Saved entries:
════════════════

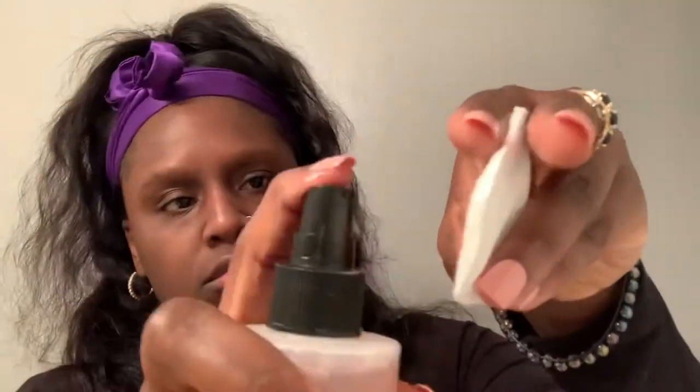Step two is the Gentle Freshener. The Gentle Freshener is basically your toner, which is what you use right after you wash your face. It helps with your skin's pH balance and it helps improve the circulation in your skin.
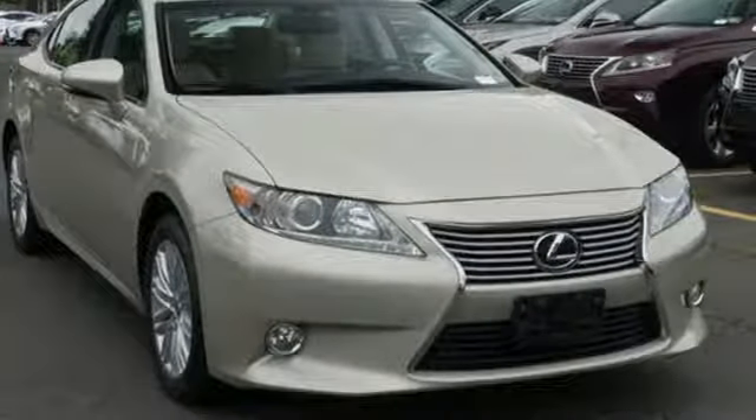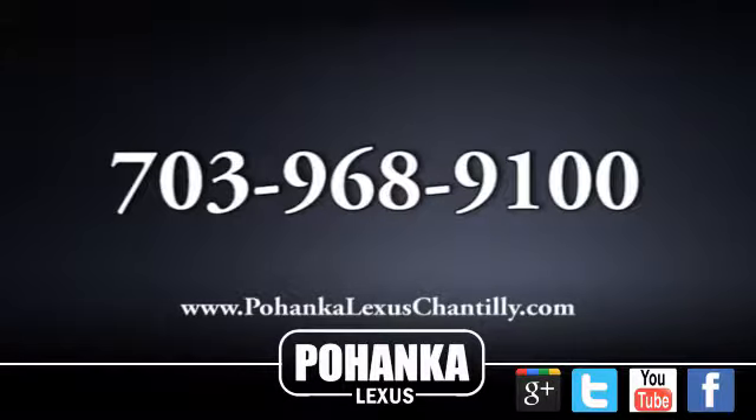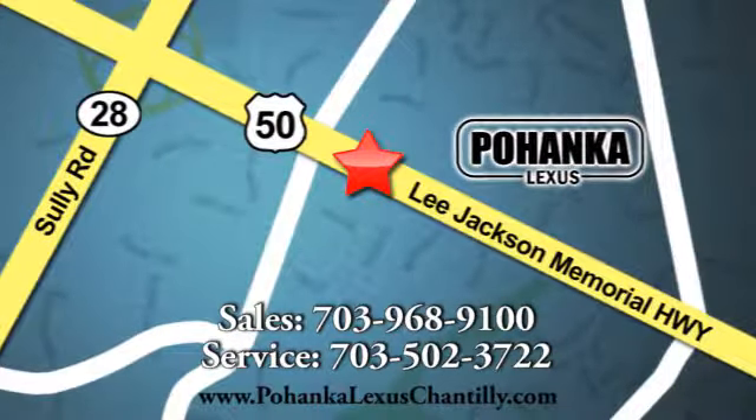See what it can do when you take it for a test drive. Call us now for more information on this vehicle or visit today. We're conveniently located at 13909 Lee Jackson Memorial Highway in Chantilly.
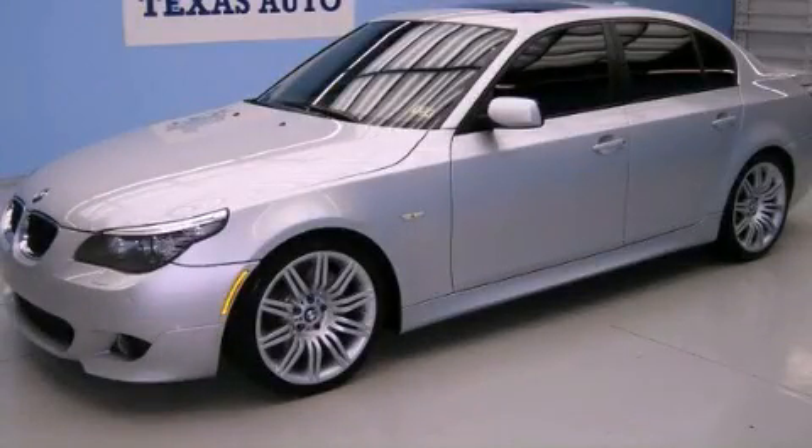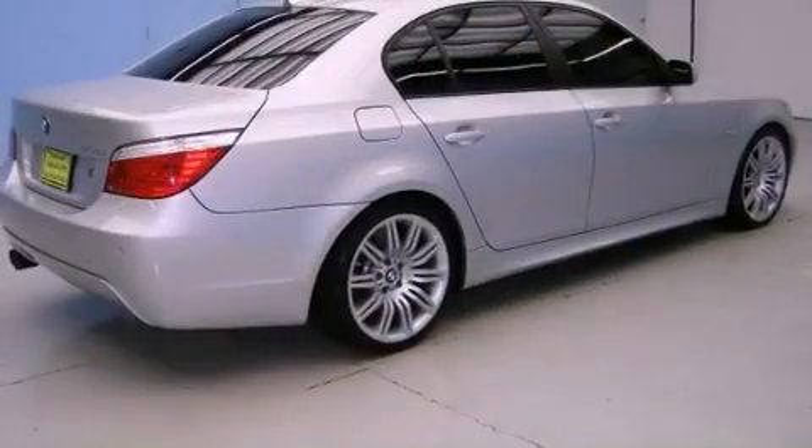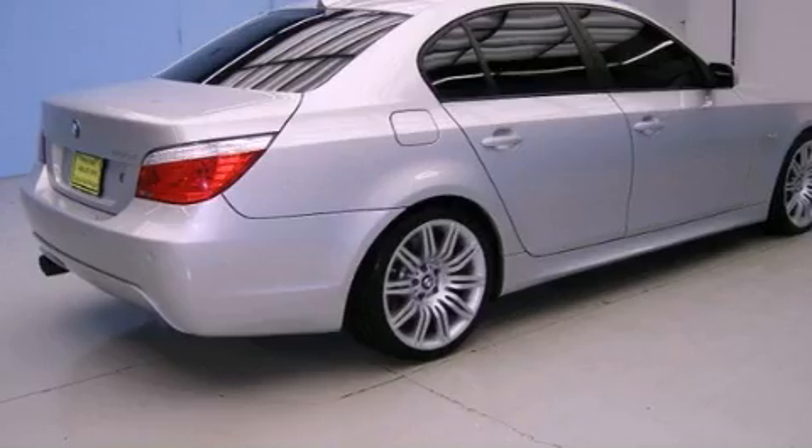This is a 2008 BMW 550, a luxurious package designed with the finest elements in mind. It has a 4.8 liter 8-cylinder engine and an automatic transmission.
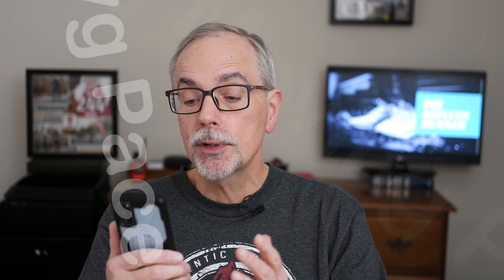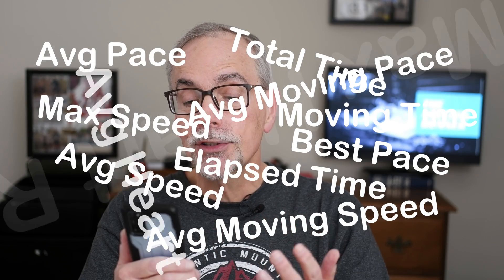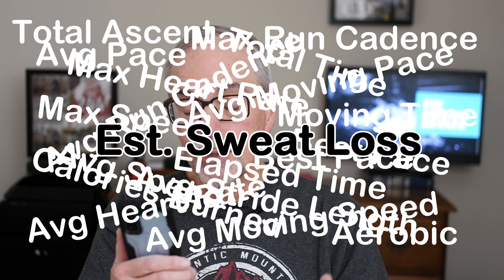Holy cow, look at all these metrics I have in my app. I have average pace, average moving pace, best pace, average speed, average moving speed, max speed, total time, moving time, elapsed time, average heart rate, max heart rate, aerobic, anaerobic, average cadence, max cadence, average strike length, total ascent, and estimated sweat loss. Who needs estimated sweat loss?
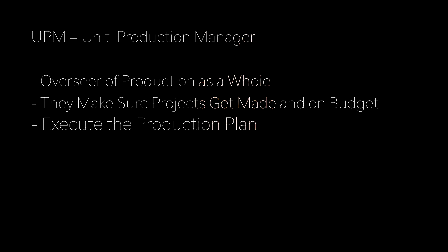The UPM is the overseer of production as a whole. They make sure that a project put in front of them gets made, first and foremost, and hopefully on budget. Ultimately, they execute the plan that was put together in pre-production and try not to break the bank while doing it. They're managing the day-to-day business side of production — from crew overtime to a hairstylist needing more hairspray. Basically, the UPM is a resource manager, and their resource is money.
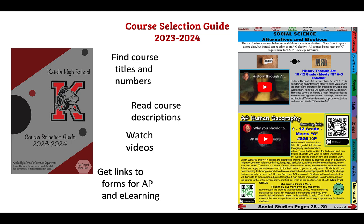We also have the course selection guide to help you with this process. If you go to our counseling website and pull it up, you'll find lots of helpful information including videos describing the courses, course descriptions, and helpful links such as links to sign up for AP or online classes.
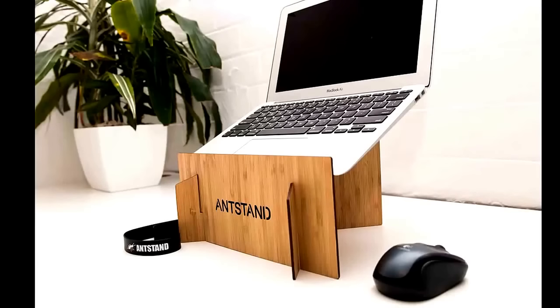Visit AntStand.com to get yours today. That's A-N-T-S-T-A-N-D dot com.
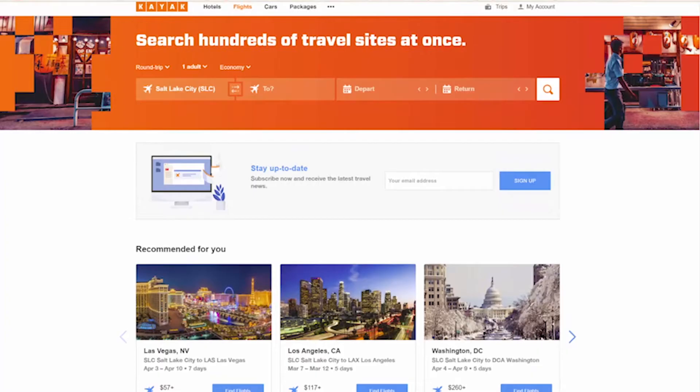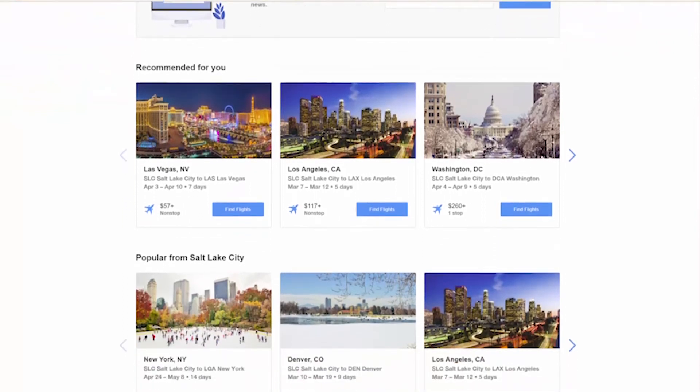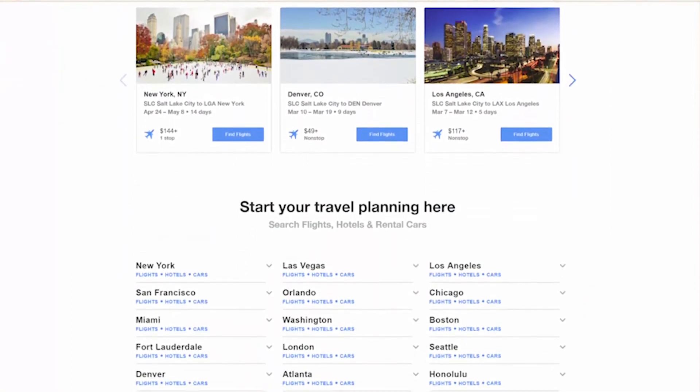As a global travel company, our headquarters are in Stanford, Connecticut. We have 12 offices around the world and websites in around 50 countries. We do travel meta-search, which means we don't actually have the inventory in our system — we are finding you the best deals for all the travel providers on the internet, all around the world.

════════════════

Set out every record exactly, images excluded.

Step two is the Gentle Freshener. The Gentle Freshener is basically your toner, which is what you use right after you wash your face. It helps with your skin's pH balance and it helps improve the circulation in your skin.
See what it can do when you take it for a test drive. Call us now for more information on this vehicle or visit today. We're conveniently located at 13909 Lee Jackson Memorial Highway in Chantilly.
This is a 2008 BMW 550, a luxurious package designed with the finest elements in mind. It has a 4.8 liter 8-cylinder engine and an automatic transmission.
Holy cow, look at all these metrics I have in my app. I have average pace, average moving pace, best pace, average speed, average moving speed, max speed, total time, moving time, elapsed time, average heart rate, max heart rate, aerobic, anaerobic, average cadence, max cadence, average strike length, total ascent, and estimated sweat loss. Who needs estimated sweat loss?
The UPM is the overseer of production as a whole. They make sure that a project put in front of them gets made, first and foremost, and hopefully on budget. Ultimately, they execute the plan that was put together in pre-production and try not to break the bank while doing it. They're managing the day-to-day business side of production — from crew overtime to a hairstylist needing more hairspray. Basically, the UPM is a resource manager, and their resource is money.
We also have the course selection guide to help you with this process. If you go to our counseling website and pull it up, you'll find lots of helpful information including videos describing the courses, course descriptions, and helpful links such as links to sign up for AP or online classes.
Visit AntStand.com to get yours today. That's A-N-T-S-T-A-N-D dot com.
As a global travel company, our headquarters are in Stanford, Connecticut. We have 12 offices around the world and websites in around 50 countries. We do travel meta-search, which means we don't actually have the inventory in our system — we are finding you the best deals for all the travel providers on the internet, all around the world.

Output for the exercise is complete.